*PROBLEM DESCRIPTION*:
Give back each entry exactly as written, apart from the pictures.

*DATA RECORDS*:
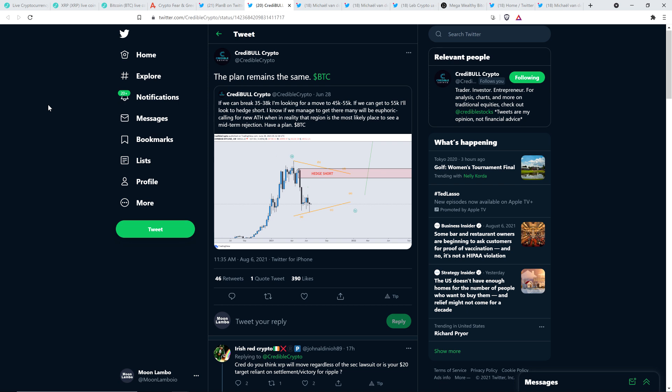Credible Crypto on June 28th tweeted the following. If we can break $35,000 to $38,000, I'm looking for a move to $45,000 to $55,000. He's talking about Bitcoin. If we can get to $55,000, I'll look to hedge short. I know if we manage to get there, many people will be euphoric, calling for new all-time high, when in reality, that region is the most likely place to see a midterm rejection. Now, I want to be clear here, too. He has big bags that he holds for the long haul. But he is a trader. So he has a smaller bag where he does trade.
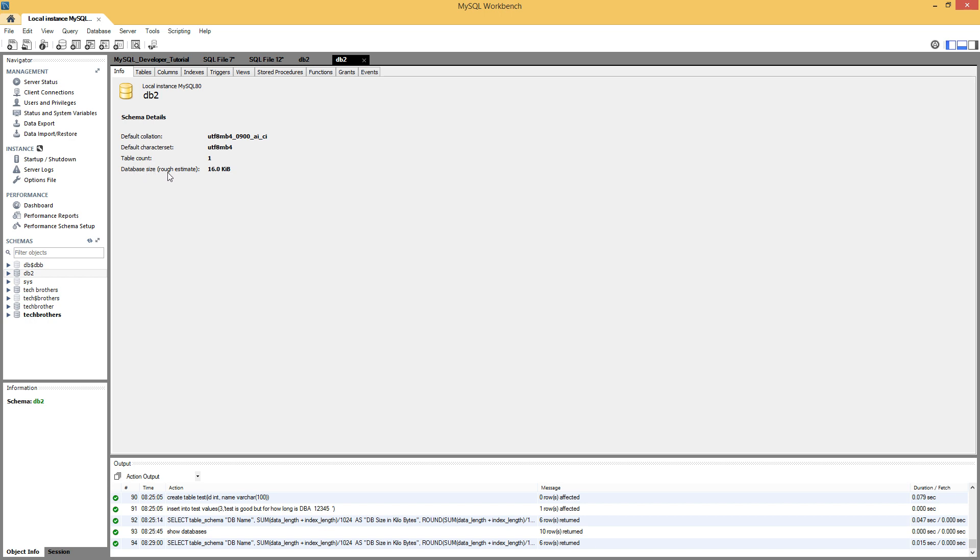That's a rough estimator. It's not going to be hundred percent, but it gives you a rough estimate of the database size.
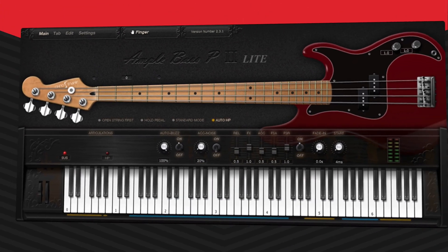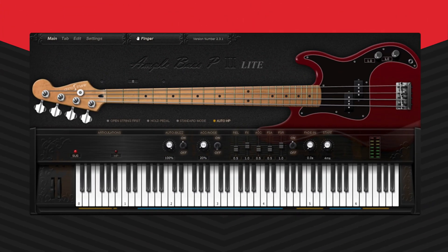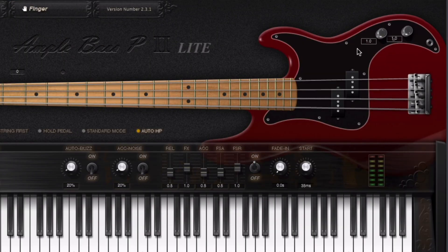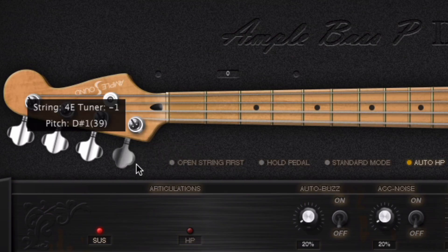Ample Bass P-Lite 2 is a free bass guitar VST plugin by Ample Sound, available for Windows and Mac computers. This plugin is very easy to use and offers a clean interface. The guitar on the top is interactive and you can use a mouse to click the strings. You can turn the knobs on the upper right to adjust the volume and even adjust the knobs on the head to tune the guitar.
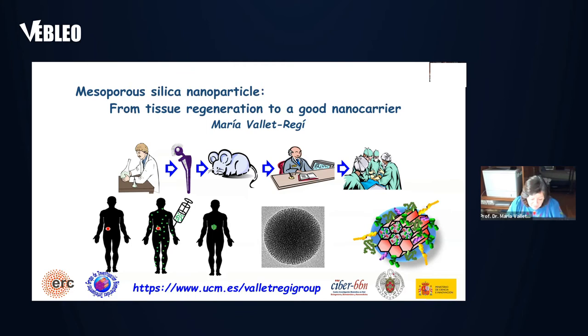Good afternoon, everybody. I will be dealing with the subject of mesoporous silica nanoparticles from tissue regeneration to a good nanocarrier.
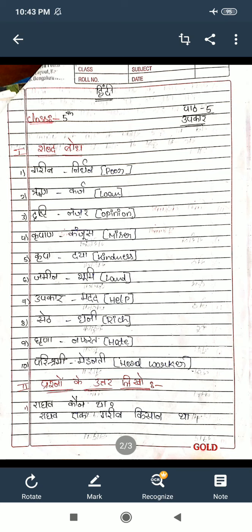Garib means nirdhan — poor, P-O-O-R. Rin means karj — loan, L-O-A-N. Drishti means nazar — opinion, O-P-I-N-I-O-N. Krupaan means kanjus — miser, M-I-S-E-R. Krupa means daya — kindness, K-I-N-D-N-E-S-S. Jameen means bhoomi — land, L-A-N-D. Upakar means madad — help, H-E-L-P. Seth means dhani — rich, R-I-C-H. Ghrina means nafrat — hate, H-A-T-E. Parishraami means mehanati — hard worker, H-A-R-D W-O-R-K-E-R. This much covers the glossary words.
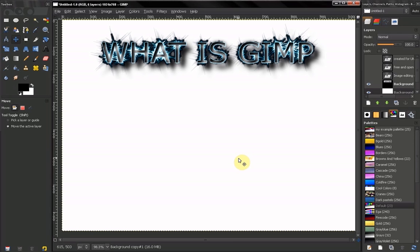Hi! In this first video of GIMP Beginner's Guide, we're going to take a moment and talk about what is GIMP.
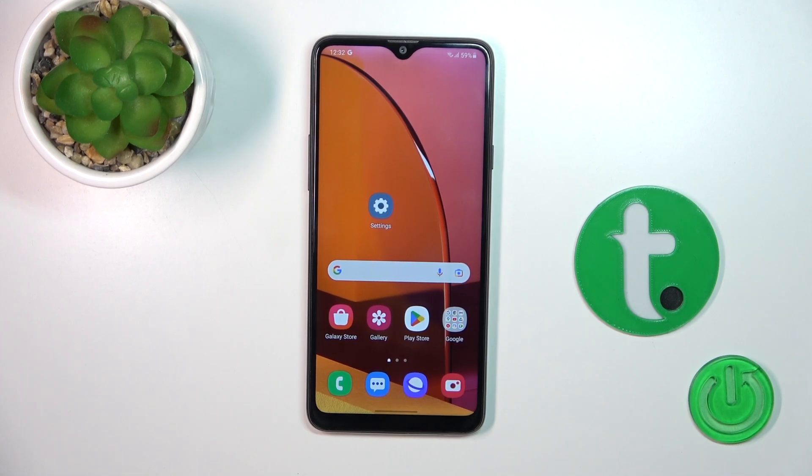Hi, it's here for Everything Galaxy A20. I'll show you how to log out from a Gmail account on this device.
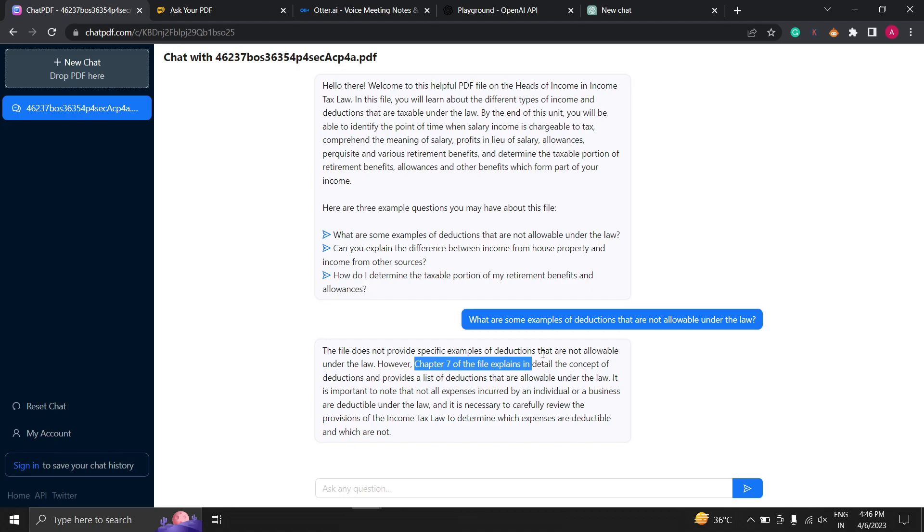So that's how you can upload a PDF file on chatpdf.com and ask questions from it. This platform provides a simple and efficient way to interact with your lengthy PDF files and get answers to your questions.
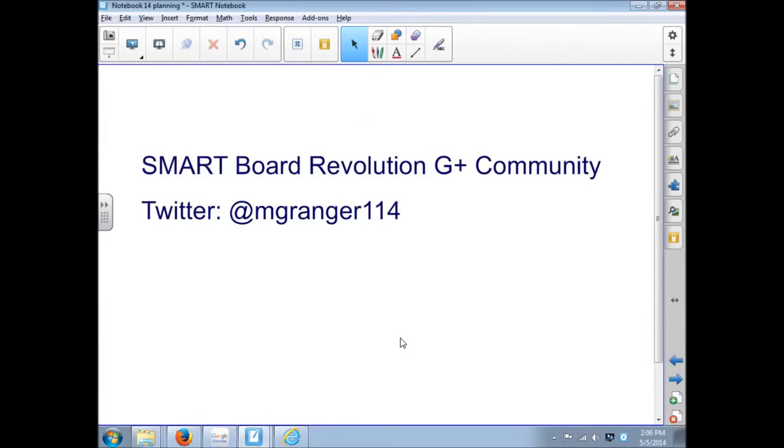Join us for more on the SmartBoard Revolution G Plus community. When you ask your questions, we've got a lot of people that will be able to answer them, help you find things, collaborate on different things. Hope to see you there.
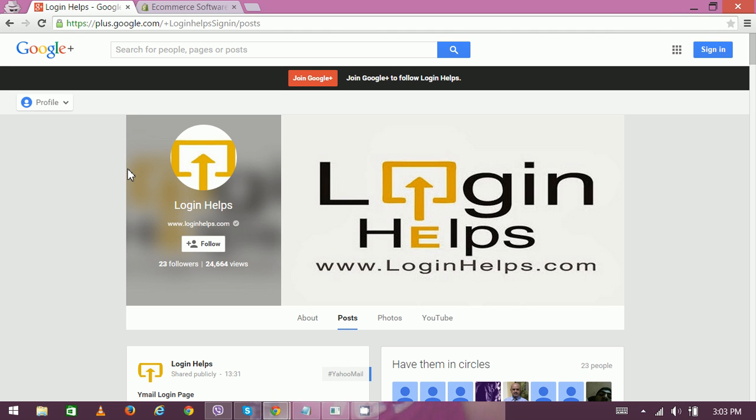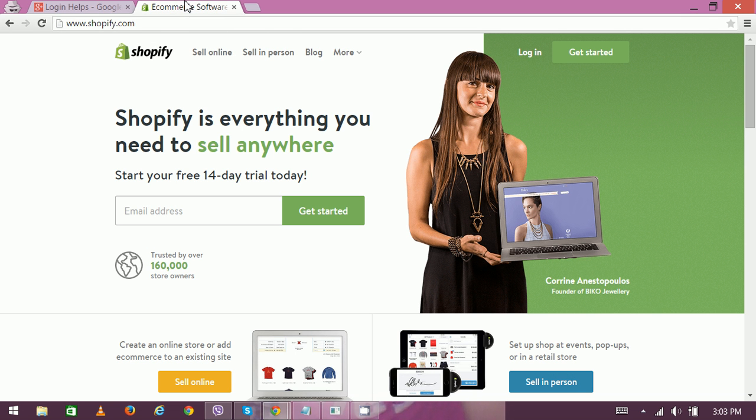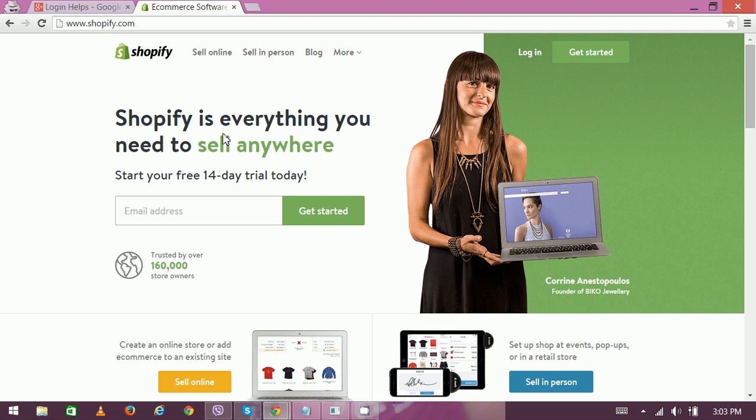So let's get started. How to access Shopify.com: type www.shopify.com on the address bar. Now once you hit enter, you can see the homepage like this. Here on the top right, get started option and login option.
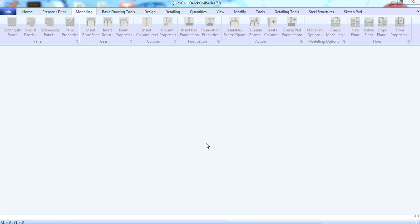Hi, my name is Henry. I want to show you or give you a quick preview of how Wix Civil Series 7.8 works.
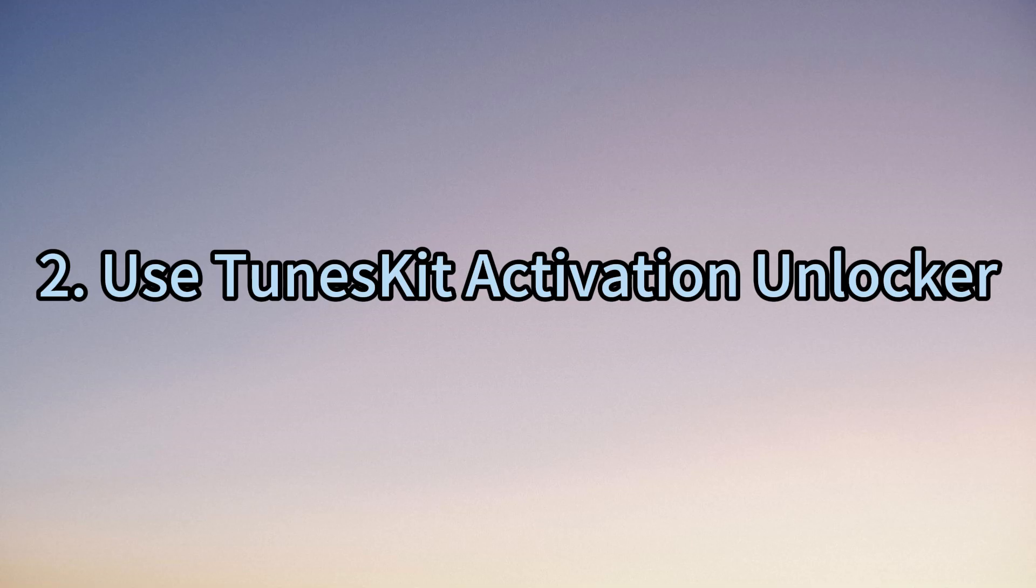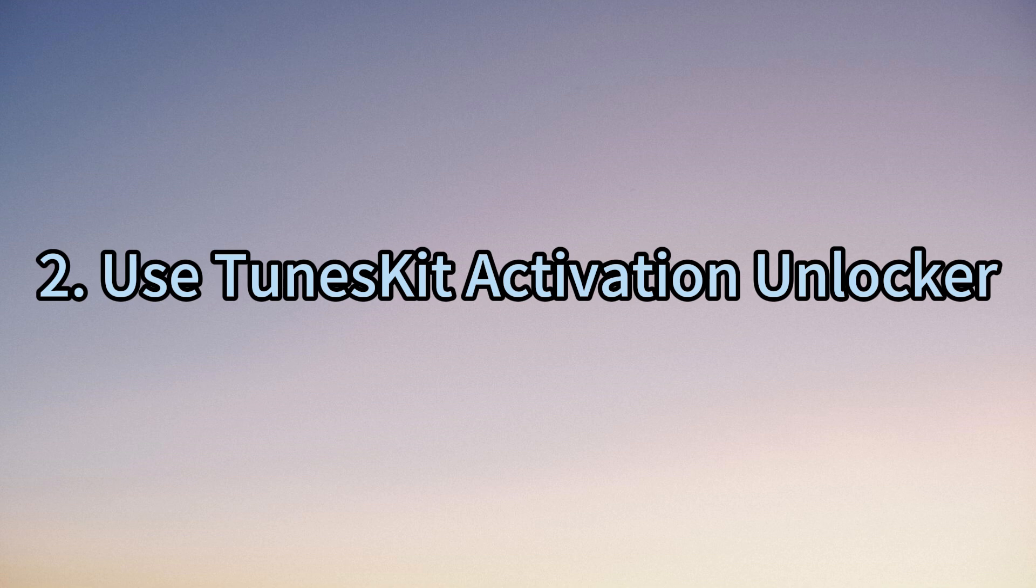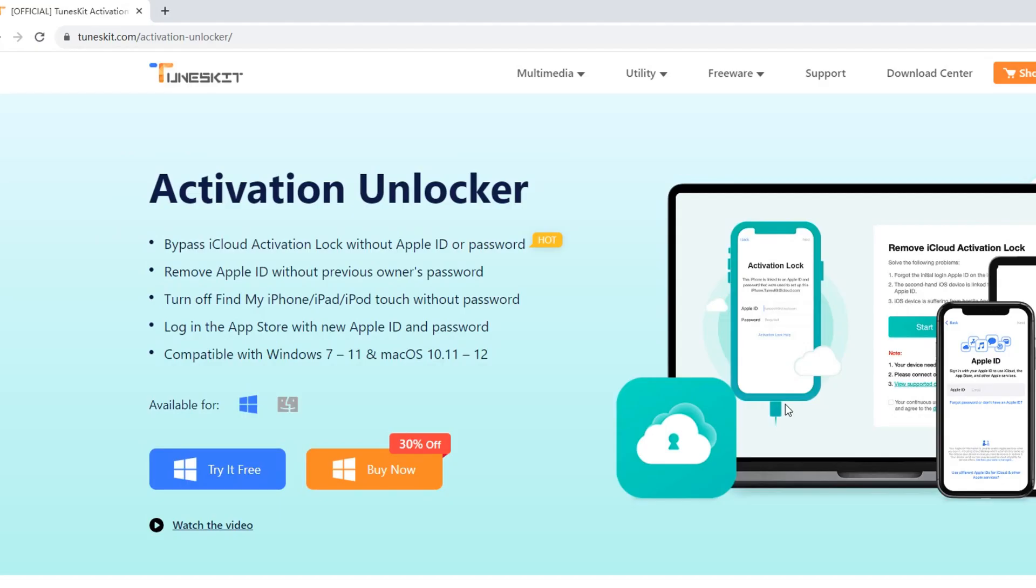If the iCloud DNS Bypass doesn't work on your device, you can use TunesKit Activation Unlocker.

*THE ANSWER*:
Credible Crypto on June 28th tweeted the following. If we can break $35,000 to $38,000, I'm looking for a move to $45,000 to $55,000. He's talking about Bitcoin. If we can get to $55,000, I'll look to hedge short. I know if we manage to get there, many people will be euphoric, calling for new all-time high, when in reality, that region is the most likely place to see a midterm rejection. Now, I want to be clear here, too. He has big bags that he holds for the long haul. But he is a trader. So he has a smaller bag where he does trade.
That's a rough estimator. It's not going to be hundred percent, but it gives you a rough estimate of the database size.
Ample Bass P-Lite 2 is a free bass guitar VST plugin by Ample Sound, available for Windows and Mac computers. This plugin is very easy to use and offers a clean interface. The guitar on the top is interactive and you can use a mouse to click the strings. You can turn the knobs on the upper right to adjust the volume and even adjust the knobs on the head to tune the guitar.
Good afternoon, everybody. I will be dealing with the subject of mesoporous silica nanoparticles from tissue regeneration to a good nanocarrier.
Garib means nirdhan — poor, P-O-O-R. Rin means karj — loan, L-O-A-N. Drishti means nazar — opinion, O-P-I-N-I-O-N. Krupaan means kanjus — miser, M-I-S-E-R. Krupa means daya — kindness, K-I-N-D-N-E-S-S. Jameen means bhoomi — land, L-A-N-D. Upakar means madad — help, H-E-L-P. Seth means dhani — rich, R-I-C-H. Ghrina means nafrat — hate, H-A-T-E. Parishraami means mehanati — hard worker, H-A-R-D W-O-R-K-E-R. This much covers the glossary words.
Hi! In this first video of GIMP Beginner's Guide, we're going to take a moment and talk about what is GIMP.
Hi, it's here for Everything Galaxy A20. I'll show you how to log out from a Gmail account on this device.
So that's how you can upload a PDF file on chatpdf.com and ask questions from it. This platform provides a simple and efficient way to interact with your lengthy PDF files and get answers to your questions.
Join us for more on the SmartBoard Revolution G Plus community. When you ask your questions, we've got a lot of people that will be able to answer them, help you find things, collaborate on different things. Hope to see you there.
So let's get started. How to access Shopify.com: type www.shopify.com on the address bar. Now once you hit enter, you can see the homepage like this. Here on the top right, get started option and login option.
Hi, my name is Henry. I want to show you or give you a quick preview of how Wix Civil Series 7.8 works.
If the iCloud DNS Bypass doesn't work on your device, you can use TunesKit Activation Unlocker.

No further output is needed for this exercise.